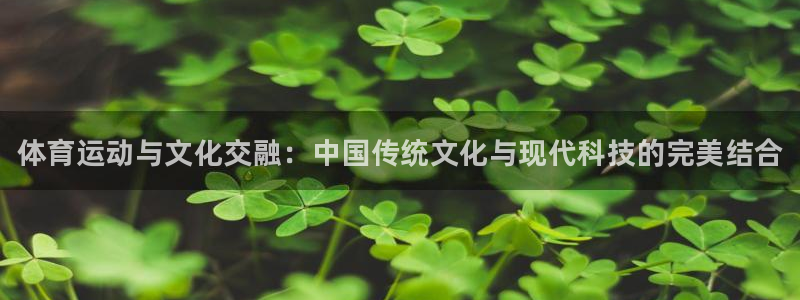 J9官网下载平台注册要钱吗：体育运动与文化交融：中国传统文化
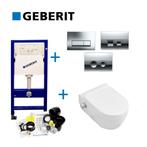 Geberit UP100 Toiletset Set51 Sanilux EasyFlush met Bidet en, Doe-het-zelf en Verbouw, Sanitair, Ophalen of Verzenden, Nieuw, Overige typen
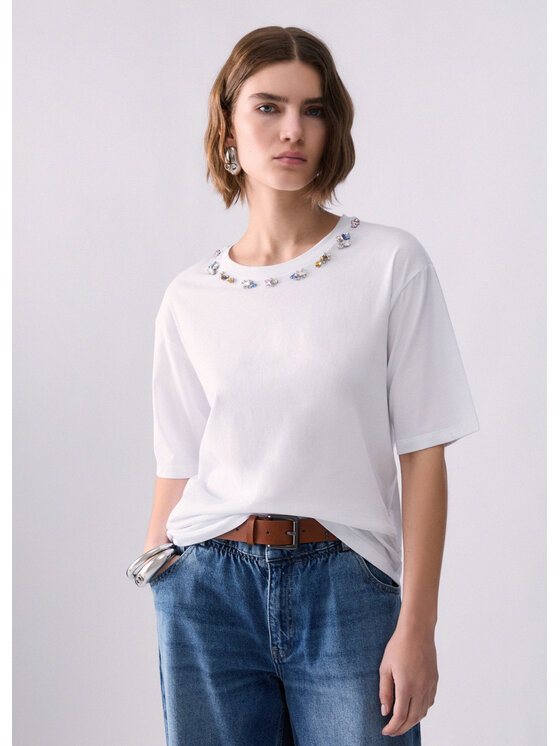 Liu Jo Liu Jo T-shirt WF6398JS904L9348 Bianco Regular Fit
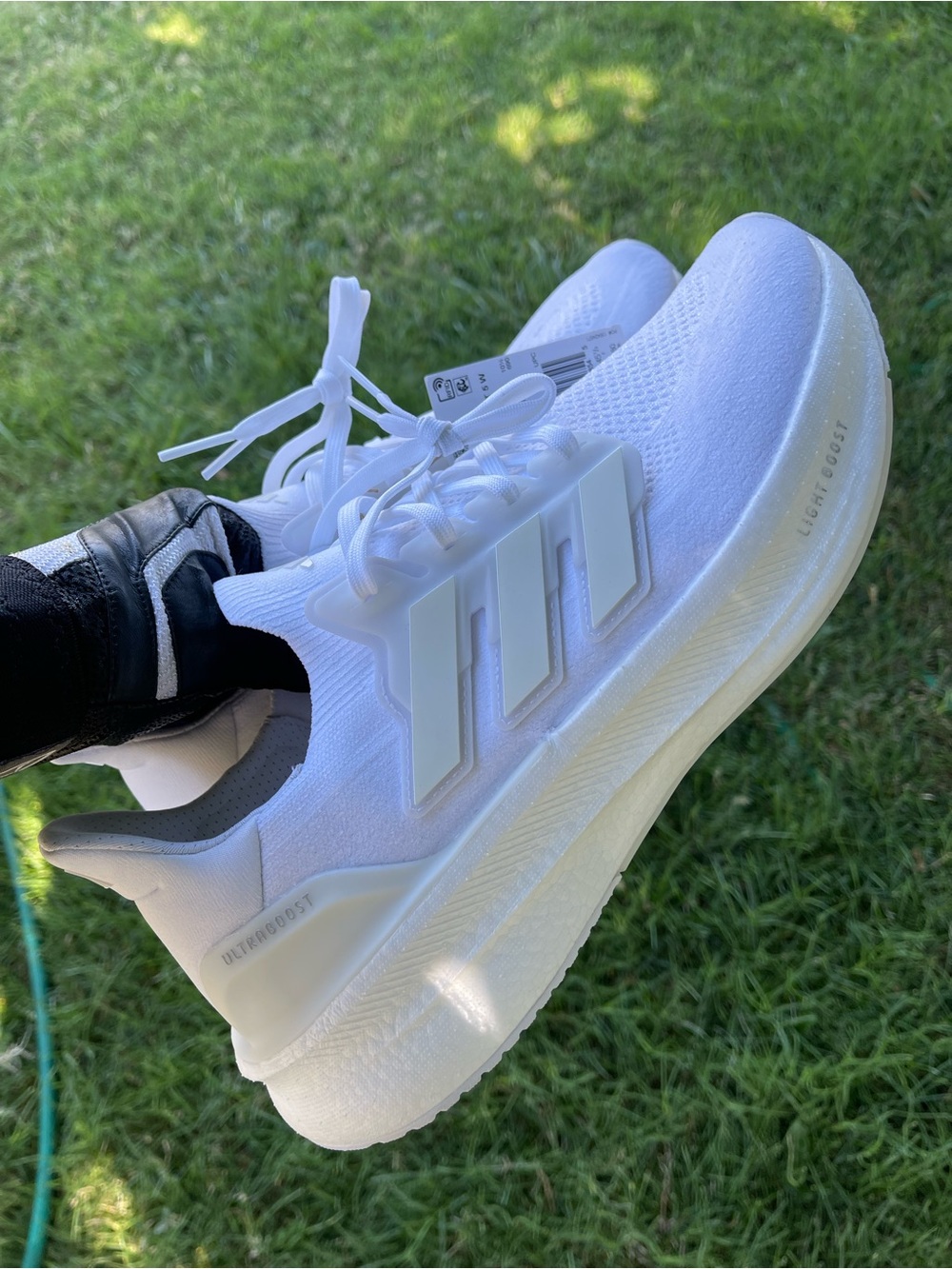 Triple White Adidas Ultra Boost 5 Light Women’s Size 12 New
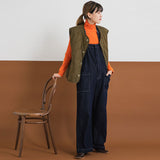 コットンストレートサロペット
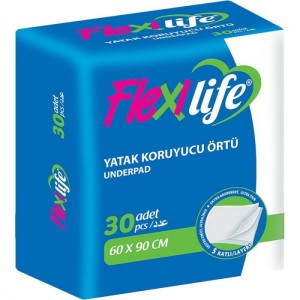 FlexiLife Yatak Koruyucu Örtü 60x90 cm 30'lu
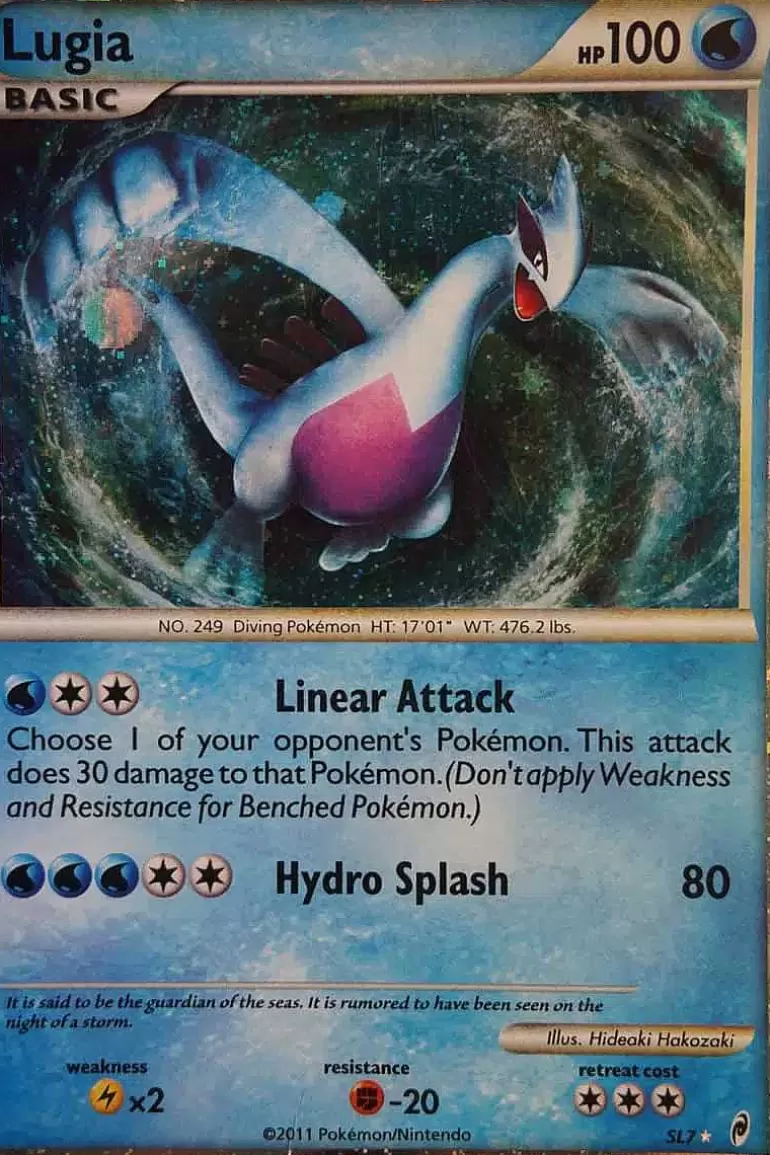 Pocket Monster Pokémon Kort-Lugia Sl7 Ultra Rare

** WHAT YOU HAVE TO DO **
The records above are to be copied exactly, without their pictures.

** SOLUTION FOR THIS TASK **
 J9官网下载平台注册要钱吗：体育运动与文化交融：中国传统文化
 Geberit UP100 Toiletset Set51 Sanilux EasyFlush met Bidet en, Doe-het-zelf en Verbouw, Sanitair, Ophalen of Verzenden, Nieuw, Overige typen
 Liu Jo Liu Jo T-shirt WF6398JS904L9348 Bianco Regular Fit
 Triple White Adidas Ultra Boost 5 Light Women’s Size 12 New
 コットンストレートサロペット
 FlexiLife Yatak Koruyucu Örtü 60x90 cm 30'lu
 Pocket Monster Pokémon Kort-Lugia Sl7 Ultra Rare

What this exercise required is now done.